On April 29, a cycling event was held starting at the mouth of the Takatsu River in the city. The river had been certified as having the clearest water in the nation.
Participants biked along a course of up to 120 kilometers, visiting various places such as the river’s source.
Efforts to promote the development of the area through bicycling events first began in 2011 thanks to the firm resolve of one woman, a Tokyo-based designer of knitwear originally from Masuda.
Kanami Saito, 58, is involved in product development at a knitwear company in Masuda founded by her grandmother. On visits to her hometown almost every month, she gradually became drawn to the idea of attracting more visitors to the city.
Bicycles were the first thing to come to her mind. She had heard more people were taking an interest in local cycle events as a way to stay healthy and remain in touch with the environment, so she decided to hold an event of this kind.
Seeking the advice of a specialist, she met with former professional road racer Akira Asada, 49, whom she met through a mutual acquaintance. Asada, now a road racing coach, agreed to Saito’s request that he cycle through the city.
She then enlisted Katsuhiro Saito, 48, chairman of local cycling enthusiast group Masuda cycling circle, to give Asada the city tour.
Asada was enthusiastic about Masuda after cycling on public roads with few traffic signals over gently undulating hills. “It’s great — I cycled 100 kilometers without a single traffic signal,” he said.
Asada’s words convinced locals that — relying on the unique character of the sparsely populated area — they could revitalize the city by creating the nation’s leading cycling course.
With revitalization now within their sights, a nonprofit organization promoting Masuda city, Masudashi Machiokoshi no Kai, was launched in January 2012 with Kanami Saito and Katsuhiro Saito as the main members.
That August, the organization held Masuda Inaka Ride, an event that took cyclists along the sea and river and over mountains.
Since 2014, the event’s course has incorporated a unique stretch — the runway at Iwami Airport. Taking advantage of the low traffic at the airport — only two flights a day link Iwami and Haneda airports at normal times — the organization obtained permission from the central and prefectural governments to use the airport for a cycling course.
Many cyclists have taken an interest in the event for the chance to get closer to local townspeople, and vice versa.
Mutsue Ishikawa volunteered to make vegetable tempura for race participants at a rest area. “I’m glad to hear them say they want to come back next year,” she said.
Participants, for their part, are keen to interact with locals. “An old woman working at a farm paused and waved her hand,” one said.
A total of 522 cyclists attended last year’s event — more than three times the 163 that showed up for the inaugural ride.
Meanwhile, the local government has also responded positively to the bicycling boom. The municipal government made a bid in March last year to host the camp for cyclists during the 2020 Tokyo Olympic and Paralympic Games.
Plans also exist to build a locker room at Iwami Airport so that bicycle lovers can cycle onto the course right after stepping off the airplane.

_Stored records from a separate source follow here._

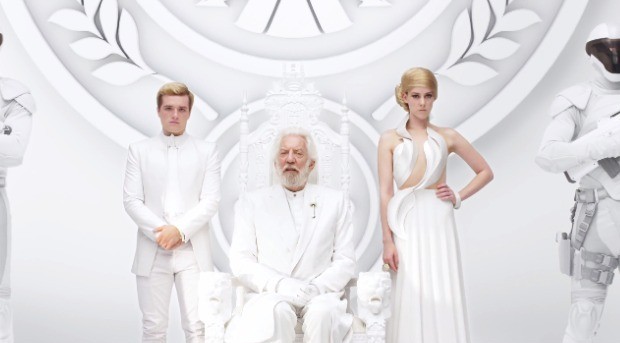 Flanqueado por Peeta y Johanna, el Presidente Snow da un nuevo mensaje, 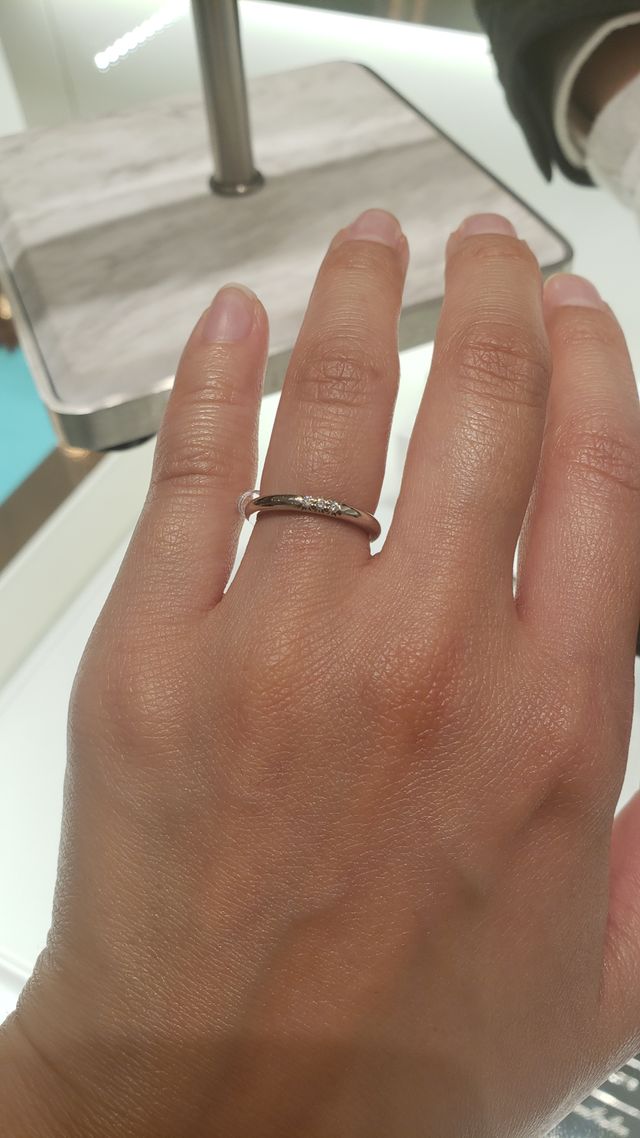 Tiffany三つ石ストレートのタイプです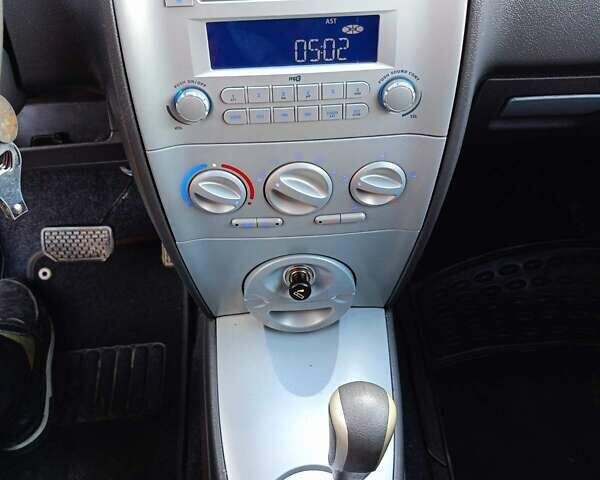 Чорний Чері Кімо, об'ємом двигуна 1.3 л та пробігом 68 тис. км за 2600 $, фото 8 на Automoto.ua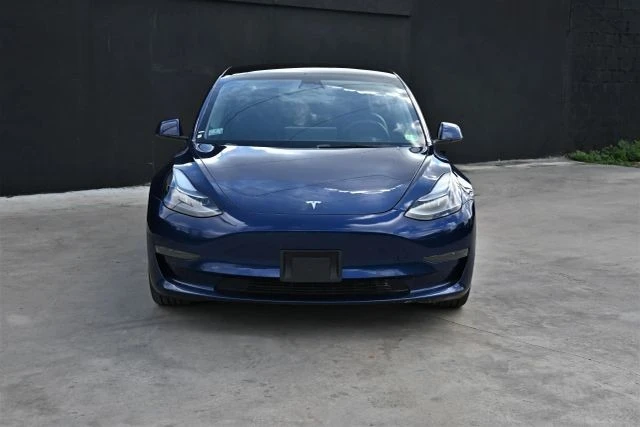 2022 Tesla Model 3 - Image 2 of 21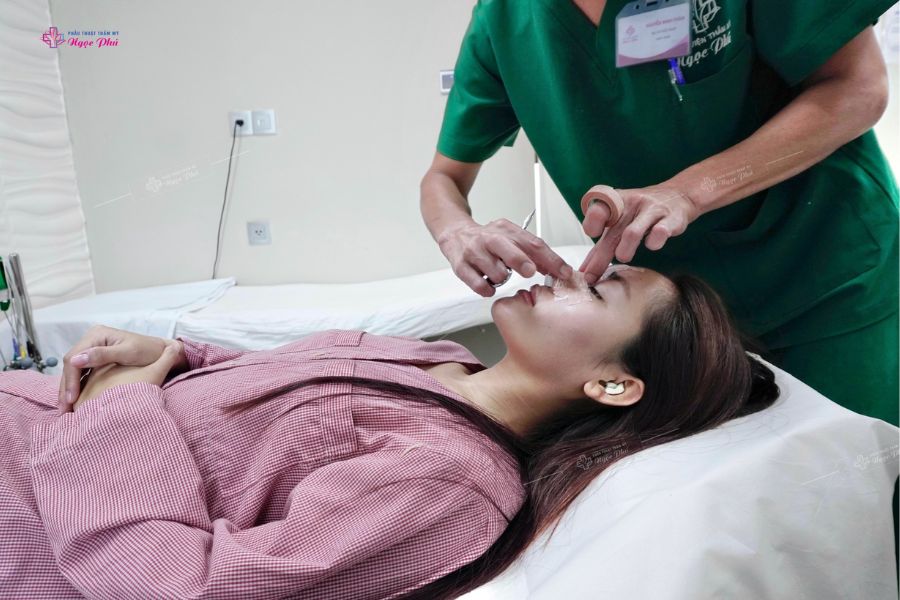 Nâng mũi thường và nâng mũi cấu trúc khác nhau điểm gì? Đó là câu hỏi thắc mắc của nhiều người khi đang có ý định nâng mũi.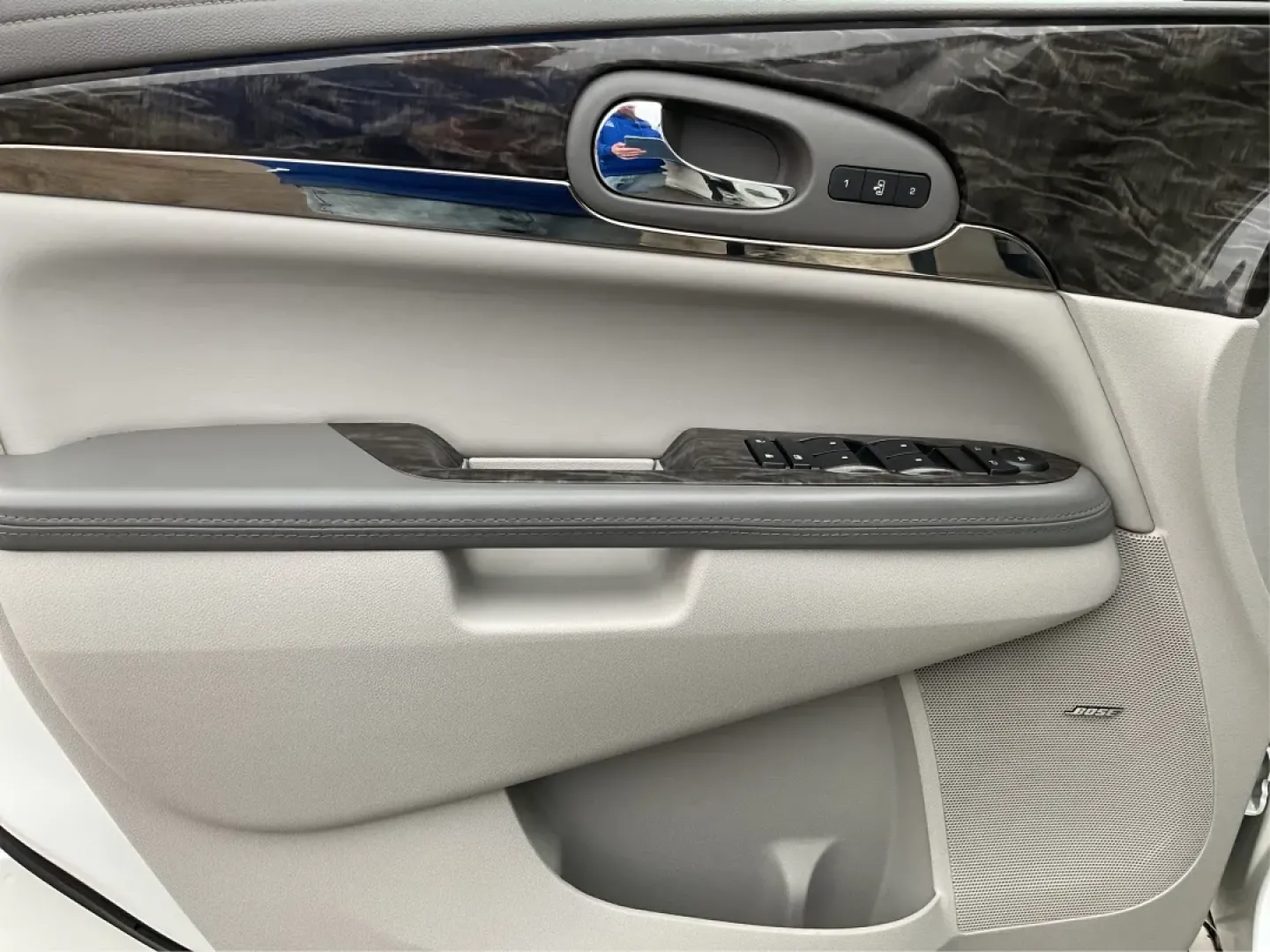 2014 Buick Enclave Leather (5GAKRBKD2EJ) with an 3.6L V-6 gasoline direct injection engine, located at 4508 South Dixie Dr, Moraine, OH, 45439, (937) 908-9800, 39.689976, -84.218452 - **Elevate Your Family Adventures with the 2014 Buick Enclave at Advantage Car and Credit - Moraine!**<br /> <br /> If you're searching for a vehicle that can effortlessly accommodate your growing family, tackle weekend adventures, and offer the comfort and space you deserve, look no further than thi - Photo#19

But attracting large numbers requires getting the word out about the cycling course and fully preparing to receive visitors.
“I want everyone who comes here to think that they made the right choice. That’s why each and every one of us has to put our heads together to make this work,” Kanami said.
Events related to cycling have been increasing, including full-scale road races for young cyclists and training camps for high school students. But the city needs to do more to publicize itself across the nation.
Event organizers hope to see their hometown filled with people enthusiastic over the chance to cycle on Masuda’s rural roads.
Masuda, Shimane Pref.
Located on the western edge of the prefecture, the city borders Hiroshima and Yamaguchi prefectures. It had a population of 47,670 at the end of May, a drop of 7,000 from November 2004 when it was formed through a merger of three municipalities — the former Masuda, Mito and Hikimi.
Iwami Airport in the city has two flights a day to Haneda Airport.
The city is said to be where renowned ink brush artist Sesshu, a Zen monk in the Muromachi period (1336-1573), spent his last days, and it contains two gardens created by the famed painter. However, many tourists tend to travel to Tsuwano and Hagi in Yamaguchi Prefecture via the airport. Promoting tourism has, therefore, been a challenge for Masuda.